:: YOUR TASK ::
Nothing should change. Output the data exactly.
BEGIN SUPPLIED MATERIAL
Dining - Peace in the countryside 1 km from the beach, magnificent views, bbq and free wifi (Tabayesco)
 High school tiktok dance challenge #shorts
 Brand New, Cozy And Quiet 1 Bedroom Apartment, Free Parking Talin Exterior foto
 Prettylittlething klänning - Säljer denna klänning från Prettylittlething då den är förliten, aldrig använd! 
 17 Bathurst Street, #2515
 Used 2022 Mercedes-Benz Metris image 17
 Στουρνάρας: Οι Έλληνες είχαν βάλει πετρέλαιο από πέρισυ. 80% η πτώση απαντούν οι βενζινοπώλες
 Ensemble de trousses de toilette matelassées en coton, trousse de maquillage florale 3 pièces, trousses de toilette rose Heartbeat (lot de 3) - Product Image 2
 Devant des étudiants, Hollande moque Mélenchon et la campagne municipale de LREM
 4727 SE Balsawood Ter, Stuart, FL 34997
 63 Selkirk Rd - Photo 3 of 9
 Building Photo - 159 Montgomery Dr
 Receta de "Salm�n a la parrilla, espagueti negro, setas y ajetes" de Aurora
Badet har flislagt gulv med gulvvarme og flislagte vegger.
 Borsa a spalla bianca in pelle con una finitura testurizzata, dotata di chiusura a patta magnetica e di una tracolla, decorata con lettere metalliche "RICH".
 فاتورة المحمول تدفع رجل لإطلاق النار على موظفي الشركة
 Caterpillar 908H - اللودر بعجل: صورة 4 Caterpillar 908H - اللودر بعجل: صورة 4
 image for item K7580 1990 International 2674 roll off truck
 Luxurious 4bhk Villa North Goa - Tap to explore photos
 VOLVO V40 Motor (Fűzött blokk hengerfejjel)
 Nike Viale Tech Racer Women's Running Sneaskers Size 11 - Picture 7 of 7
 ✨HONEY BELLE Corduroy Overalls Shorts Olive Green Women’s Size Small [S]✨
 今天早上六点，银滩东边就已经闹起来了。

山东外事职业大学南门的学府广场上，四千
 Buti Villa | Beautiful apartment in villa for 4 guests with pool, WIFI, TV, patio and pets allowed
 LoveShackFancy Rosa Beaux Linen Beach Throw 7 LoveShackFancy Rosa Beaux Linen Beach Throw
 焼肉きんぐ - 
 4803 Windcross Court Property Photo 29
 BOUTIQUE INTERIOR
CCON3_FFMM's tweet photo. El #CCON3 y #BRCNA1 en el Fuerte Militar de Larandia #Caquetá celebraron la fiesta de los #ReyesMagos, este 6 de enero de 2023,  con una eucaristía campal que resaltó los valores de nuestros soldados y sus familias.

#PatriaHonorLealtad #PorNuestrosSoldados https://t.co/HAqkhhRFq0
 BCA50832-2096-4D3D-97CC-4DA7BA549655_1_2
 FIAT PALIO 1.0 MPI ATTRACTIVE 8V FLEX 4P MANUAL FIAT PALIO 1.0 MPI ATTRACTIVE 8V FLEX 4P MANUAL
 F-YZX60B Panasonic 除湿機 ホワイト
END SUPPLIED MATERIAL
:: RESPONSE TO THE TASK ::
Dining - Peace in the countryside 1 km from the beach, magnificent views, bbq and free wifi (Tabayesco)
 High school tiktok dance challenge #shorts
 Brand New, Cozy And Quiet 1 Bedroom Apartment, Free Parking Talin Exterior foto
 Prettylittlething klänning - Säljer denna klänning från Prettylittlething då den är förliten, aldrig använd! 
 17 Bathurst Street, #2515
 Used 2022 Mercedes-Benz Metris image 17
 Στουρνάρας: Οι Έλληνες είχαν βάλει πετρέλαιο από πέρισυ. 80% η πτώση απαντούν οι βενζινοπώλες
 Ensemble de trousses de toilette matelassées en coton, trousse de maquillage florale 3 pièces, trousses de toilette rose Heartbeat (lot de 3) - Product Image 2
 Devant des étudiants, Hollande moque Mélenchon et la campagne municipale de LREM
 4727 SE Balsawood Ter, Stuart, FL 34997
 63 Selkirk Rd - Photo 3 of 9
 Building Photo - 159 Montgomery Dr
 Receta de "Salm�n a la parrilla, espagueti negro, setas y ajetes" de Aurora
Badet har flislagt gulv med gulvvarme og flislagte vegger.
 Borsa a spalla bianca in pelle con una finitura testurizzata, dotata di chiusura a patta magnetica e di una tracolla, decorata con lettere metalliche "RICH".
 فاتورة المحمول تدفع رجل لإطلاق النار على موظفي الشركة
 Caterpillar 908H - اللودر بعجل: صورة 4 Caterpillar 908H - اللودر بعجل: صورة 4
 image for item K7580 1990 International 2674 roll off truck
 Luxurious 4bhk Villa North Goa - Tap to explore photos
 VOLVO V40 Motor (Fűzött blokk hengerfejjel)
 Nike Viale Tech Racer Women's Running Sneaskers Size 11 - Picture 7 of 7
 ✨HONEY BELLE Corduroy Overalls Shorts Olive Green Women’s Size Small [S]✨
 今天早上六点，银滩东边就已经闹起来了。

山东外事职业大学南门的学府广场上，四千
 Buti Villa | Beautiful apartment in villa for 4 guests with pool, WIFI, TV, patio and pets allowed
 LoveShackFancy Rosa Beaux Linen Beach Throw 7 LoveShackFancy Rosa Beaux Linen Beach Throw
 焼肉きんぐ - 
 4803 Windcross Court Property Photo 29
 BOUTIQUE INTERIOR
CCON3_FFMM's tweet photo. El #CCON3 y #BRCNA1 en el Fuerte Militar de Larandia #Caquetá celebraron la fiesta de los #ReyesMagos, este 6 de enero de 2023,  con una eucaristía campal que resaltó los valores de nuestros soldados y sus familias.

#PatriaHonorLealtad #PorNuestrosSoldados https://t.co/HAqkhhRFq0
 BCA50832-2096-4D3D-97CC-4DA7BA549655_1_2
 FIAT PALIO 1.0 MPI ATTRACTIVE 8V FLEX 4P MANUAL FIAT PALIO 1.0 MPI ATTRACTIVE 8V FLEX 4P MANUAL
 F-YZX60B Panasonic 除湿機 ホワイト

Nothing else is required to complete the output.